Music is Everything- a review of the film CODA

The Oscar-winning film showcases the intersections of hearing loss and music within a touching story of family and growing up.

[from left to right] Gertie (Amy Forsyth), Ruby's best friend; Leo Rossi (Daniel Durant), Ruby's brother; Jackie Rossie (Marlee Matlin), Ruby's mother; Frank Rossi (Troy Kotsur), Ruby's father. Still from the film CODA, copwright by Apple Inc. 2022
[from left to right] Gertie (Amy Forsyth), Ruby’s best friend; Leo Rossi (Daniel Durant), Ruby’s brother; Jackie Rossie (Marlee Matlin), Ruby’s mother; Frank Rossi (Troy Kotsur), Ruby’s father. Photo from the film CODA, © Apple Inc. 2022.

As a hearing person, I sat down to watch the film CODA to better understand the intersections between deafness and music. Written and directed by Siân Heder, the story follows Ruby Rossi (Emilia Jones), a Child of Deaf Adults (CODA), who is the only hearing member of an otherwise profoundly deaf family. Her father (Troy Kotsur) and older brother (Daniel Durant) are fishermen, and Ruby works on the boat with them and interprets during sale negotiations and other important business transactions. Ruby loves to sing, and after she signs up for her high school choir, discovers that she has impressive musical talent― enough that the choir director (Eugenio Derbez) wants to help her audition for the Berklee College of Music. Her family, however, is not  allowed to operate the boat without a hearing person onboard and can’t afford to pay another deckhand. If Ruby leaves, the fishing business will go under and her family will lose their only source of income. Ruby must choose whether to stay and help her family or to leave and follow her dreams. 

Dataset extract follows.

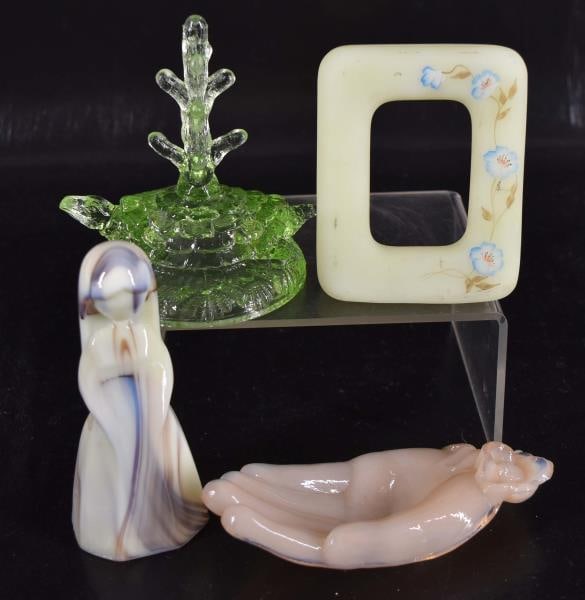 Four Uranium Glass Dresser Items (1 of 6)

Before I continue, I wanted to share that I have no personal experience with hearing loss or Deaf culture. I am a hearing woman, and my only exposure to Deaf culture has been through television and film media. I watched the television show Switched at Birth religiously in middle school, which features many deaf characters and actors. I’m a fan of deaf actress Lauren Ridloff in The Walking Dead and Marvel’s Eternals. Likewise, I love Marlee Matlin, who I’ve seen featured in Switched at Birth and The West Wing and plays Ruby’s mother in CODA. The short length of my list, however, is telling of how limited deaf representation is in pop culture. 

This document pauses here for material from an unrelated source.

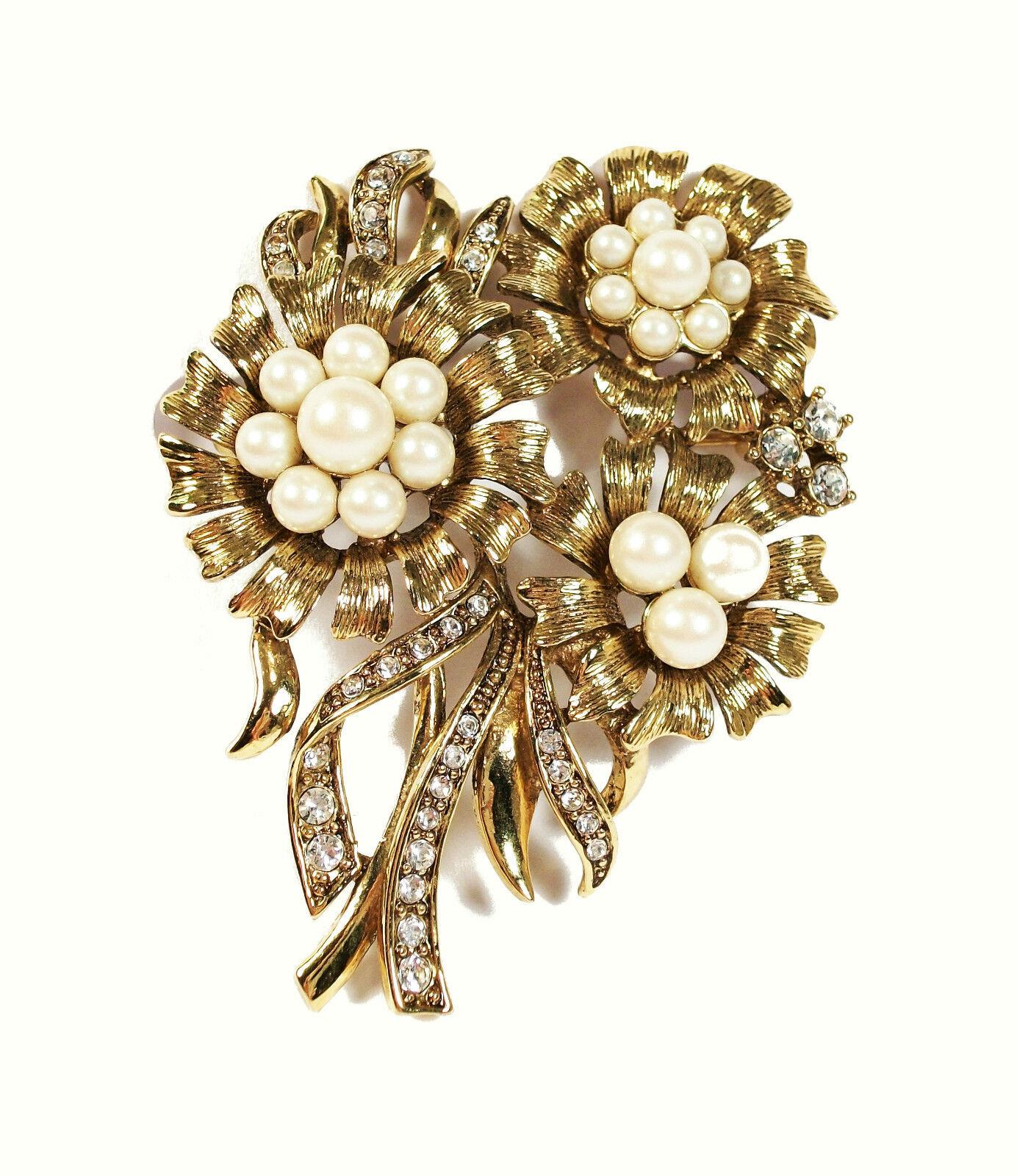 Taille ronde MONET - Broche fleur vintage avec perles et strasss, signée, années 1960 en vente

CODA is an excellent addition, and will hopefully be one of many more stories featuring deaf people, not just about Deaf culture, but about family, community, growing up, and underlying it all: music. The film is a demonstration of the interrelation of these elements, and the necessity of greater accessibility and understanding for people with hearing loss. 

Watching the film, you come to love the Rossi family, sympathizing with the difficulty of their situation. We feel for Ruby, who must sacrifice her time and energy to be the family interpreter, but we also feel for her family members, who are trying to succeed in a world which does not accommodate or support them. As a viewer, I was torn between Ruby’s choices, and recognized that a real solution requires recognizing the strengths and limitations of all people, complicating and challenging societal conceptions of “disability.”

[Warning, spoilers ahead!] Likewise, the film shows how people who are deaf experience music, answering Ruby’s classmate Miles’s question, not unusual for the hearing world: “Do they, like, even get what music is?” They do. Ruby’s father, Frank, loves gangster rap, and blasts it to feel the vibrations of the bass while driving their family truck (much to Ruby’s embarrassment when he picks her up at school). Likewise, when Ruby’s family attends her choir concert, we move into Frank’s perspective. Ruby’s soulful singing voice fades to silence as Frank looks around the auditorium. He can’t hear his daughter, but he can see the reaction of the crowd: people smiling, wiping tears, bopping their heads and clapping. He can see how people are moved by Ruby’s music, and he understands her talent. After the concert, Ruby and Frank sit together on the flatbed of his truck, and he asks her to sing for him. He touches her throat, feeling the vibrations of the notes and lyrics, experiencing and understanding the music. It’s an emotionally moving moment, only surpassed by Ruby’s audition for Berklee. Her family sneaks into the upper balcony to watch her sing “Both Sides Now” by Joni Mitchell. As she sings, she looks up at her family and signs the words in ASL. CODA emphasizes the importance of family, in all shapes and combinations, and the importance of music, in all its forms― as something everyone can experience and love in their own way.